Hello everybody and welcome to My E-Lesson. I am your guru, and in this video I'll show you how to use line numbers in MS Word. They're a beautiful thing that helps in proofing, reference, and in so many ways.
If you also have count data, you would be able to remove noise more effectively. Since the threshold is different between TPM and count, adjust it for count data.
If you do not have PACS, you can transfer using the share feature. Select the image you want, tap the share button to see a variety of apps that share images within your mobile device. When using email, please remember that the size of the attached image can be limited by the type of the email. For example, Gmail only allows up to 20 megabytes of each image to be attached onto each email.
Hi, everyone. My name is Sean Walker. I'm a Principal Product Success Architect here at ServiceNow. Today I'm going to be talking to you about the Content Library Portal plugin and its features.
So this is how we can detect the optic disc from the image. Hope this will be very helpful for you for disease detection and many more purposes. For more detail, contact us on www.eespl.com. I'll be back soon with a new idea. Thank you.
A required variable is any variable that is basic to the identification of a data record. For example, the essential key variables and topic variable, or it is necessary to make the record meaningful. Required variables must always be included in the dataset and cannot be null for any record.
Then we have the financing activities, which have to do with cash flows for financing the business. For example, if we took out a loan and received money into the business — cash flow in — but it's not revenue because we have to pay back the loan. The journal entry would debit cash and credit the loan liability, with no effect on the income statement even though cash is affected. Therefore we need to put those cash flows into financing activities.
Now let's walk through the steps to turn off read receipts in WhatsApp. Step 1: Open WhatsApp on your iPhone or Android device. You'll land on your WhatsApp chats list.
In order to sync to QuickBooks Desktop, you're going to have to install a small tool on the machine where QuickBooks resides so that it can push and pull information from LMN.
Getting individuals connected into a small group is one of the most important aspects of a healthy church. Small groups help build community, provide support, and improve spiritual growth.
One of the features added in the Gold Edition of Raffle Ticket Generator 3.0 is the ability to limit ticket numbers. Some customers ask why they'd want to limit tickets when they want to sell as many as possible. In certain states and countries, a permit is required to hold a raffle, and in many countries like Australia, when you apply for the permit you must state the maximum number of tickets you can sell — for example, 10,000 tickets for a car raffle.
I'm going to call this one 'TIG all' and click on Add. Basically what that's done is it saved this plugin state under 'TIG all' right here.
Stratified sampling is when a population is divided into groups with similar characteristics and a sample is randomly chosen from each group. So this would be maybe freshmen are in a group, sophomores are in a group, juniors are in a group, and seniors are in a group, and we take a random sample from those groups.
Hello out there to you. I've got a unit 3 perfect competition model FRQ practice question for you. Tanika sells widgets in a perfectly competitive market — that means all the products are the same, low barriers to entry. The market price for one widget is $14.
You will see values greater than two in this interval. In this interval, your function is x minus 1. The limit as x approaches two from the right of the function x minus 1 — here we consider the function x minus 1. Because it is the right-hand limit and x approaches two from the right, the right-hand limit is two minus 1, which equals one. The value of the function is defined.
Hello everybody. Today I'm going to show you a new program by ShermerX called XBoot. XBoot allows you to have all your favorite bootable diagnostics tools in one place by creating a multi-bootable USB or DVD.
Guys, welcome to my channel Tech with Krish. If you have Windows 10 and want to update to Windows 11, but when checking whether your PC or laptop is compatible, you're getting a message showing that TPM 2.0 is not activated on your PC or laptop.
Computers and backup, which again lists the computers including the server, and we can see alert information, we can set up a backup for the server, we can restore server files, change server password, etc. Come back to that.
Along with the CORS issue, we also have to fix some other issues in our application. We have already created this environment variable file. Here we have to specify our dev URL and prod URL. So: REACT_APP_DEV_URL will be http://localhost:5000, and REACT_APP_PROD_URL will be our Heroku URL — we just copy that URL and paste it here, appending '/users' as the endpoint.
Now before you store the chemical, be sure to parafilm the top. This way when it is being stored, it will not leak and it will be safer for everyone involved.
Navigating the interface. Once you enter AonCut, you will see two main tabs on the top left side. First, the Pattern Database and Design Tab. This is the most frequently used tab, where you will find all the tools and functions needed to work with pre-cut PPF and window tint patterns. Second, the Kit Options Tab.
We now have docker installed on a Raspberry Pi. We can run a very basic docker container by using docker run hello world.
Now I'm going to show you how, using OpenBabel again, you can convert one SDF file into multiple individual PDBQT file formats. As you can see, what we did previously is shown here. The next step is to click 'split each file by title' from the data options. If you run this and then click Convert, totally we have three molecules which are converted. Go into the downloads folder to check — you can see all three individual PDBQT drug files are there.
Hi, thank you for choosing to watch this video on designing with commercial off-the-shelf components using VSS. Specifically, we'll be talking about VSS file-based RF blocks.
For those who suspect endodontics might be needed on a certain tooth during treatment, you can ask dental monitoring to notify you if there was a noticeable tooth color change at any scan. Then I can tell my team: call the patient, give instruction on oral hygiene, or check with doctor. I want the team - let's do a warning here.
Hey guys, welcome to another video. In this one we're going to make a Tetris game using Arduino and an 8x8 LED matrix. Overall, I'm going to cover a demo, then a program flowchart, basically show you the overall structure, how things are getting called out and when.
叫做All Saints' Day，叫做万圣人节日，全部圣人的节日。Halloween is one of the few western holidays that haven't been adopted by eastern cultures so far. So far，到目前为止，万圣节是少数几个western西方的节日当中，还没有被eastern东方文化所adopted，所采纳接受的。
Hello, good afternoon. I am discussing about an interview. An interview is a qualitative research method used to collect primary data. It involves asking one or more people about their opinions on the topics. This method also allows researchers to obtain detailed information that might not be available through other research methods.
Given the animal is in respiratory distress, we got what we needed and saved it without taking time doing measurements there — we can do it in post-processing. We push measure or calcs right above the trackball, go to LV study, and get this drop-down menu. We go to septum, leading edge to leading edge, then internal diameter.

------------------------------------------------------------------------

[EXERCISE REQUIREMENTS] Retype exactly, and only, the lines above from the one where "So this is how" occurs up to and including the one where "A required variable" occurs.

[YOUR SOLUTION]
So this is how we can detect the optic disc from the image. Hope this will be very helpful for you for disease detection and many more purposes. For more detail, contact us on www.eespl.com. I'll be back soon with a new idea. Thank you.
A required variable is any variable that is basic to the identification of a data record. For example, the essential key variables and topic variable, or it is necessary to make the record meaningful. Required variables must always be included in the dataset and cannot be null for any record.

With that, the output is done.